Essential Tremor (ET), also known as primary tremor, is a common neurological disorder characterized by involuntary shaking or trembling of the hands, head, or other parts of the body during voluntary movement or while at rest. Growing evidence suggests that the tremors are caused by abnormal burst firing of neurons in underlying circuits and are believed to be dependent on T-type Ca2+ channel activity. Ulixacaltamide is a differentiated, highly selective small molecule T-type calcium channel inhibitor designed to block the abnormal neuronal burst firing in the cerebello-thalamo-cortical (CTC) circuit associated with tremor activity. The product is currently undergoing Phase 3 clinical trials in the United States for the treatment of Essential Tremor. In previous Phase 2 clinical studies, researchers observed additional benefits when ulixacaltamide was added to Essential Tremor patients already taking propranolol. In January 2024, Tenacia Biopharmaceuticals announced an exclusive collaboration and licensing agreement with Praxis Precision Medicines, under which Tenacia will develop and commercialize ulixacaltamide for the treatment of Essential Tremor in Greater China. As part of the collaboration agreement, Praxis will receive an upfront payment of $15 million, including $5 million in cash and a $10 million equity investment.

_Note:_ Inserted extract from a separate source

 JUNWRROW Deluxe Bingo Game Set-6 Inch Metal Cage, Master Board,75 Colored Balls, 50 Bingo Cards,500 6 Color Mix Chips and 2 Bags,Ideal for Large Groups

7.Takeda Acquires Cancer Small Molecule Therapy for Over $1.2 Billion!
On April 17th, Kumquat Biosciences announced it has entered into a collaboration worth over $1.2 billion with Takeda, establishing a strategic and exclusive partnership to jointly develop and commercialize a novel immuno-modulatory cancer small molecule inhibitor as monotherapy and/or combination therapy.

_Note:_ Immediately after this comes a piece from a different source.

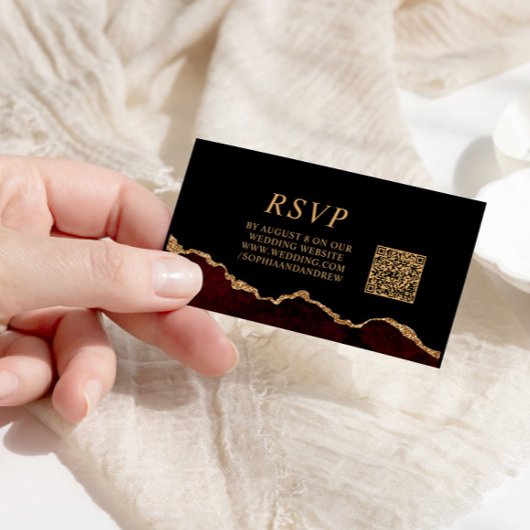 Carte D'accompagnement Noir & Bourgogne Gold Police Mariage QR Code RSVP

Kumquat is a pharmaceutical development company dedicated to creating breakthrough therapies for cancer. The company focuses on translating breakthrough sciences into potential "first-in-class" and "best-in-class" therapies. Founded in 2019, the company is supported by OrbiMed, Sequoia Capital, EcoR1, Eli Lilly Asia Fund, and Roche Venture Fund. In 2021, Kumquat entered into a multi-year collaboration with Loxo Oncology, a division of Eli Lilly and Company, to develop novel small molecules that may stimulate tumor-specific immune responses. Under the terms of the agreement, Kumquat will grant Takeda exclusive, global rights to develop and commercialize selected small molecule inhibitors. Takeda will assume and fund all development and commercialization activities, except for Phase 1 trial activities led by Kumquat. Kumquat will receive up to $130 million in near-term payments and is eligible for over $1.2 billion in clinical, regulatory, and commercial milestones.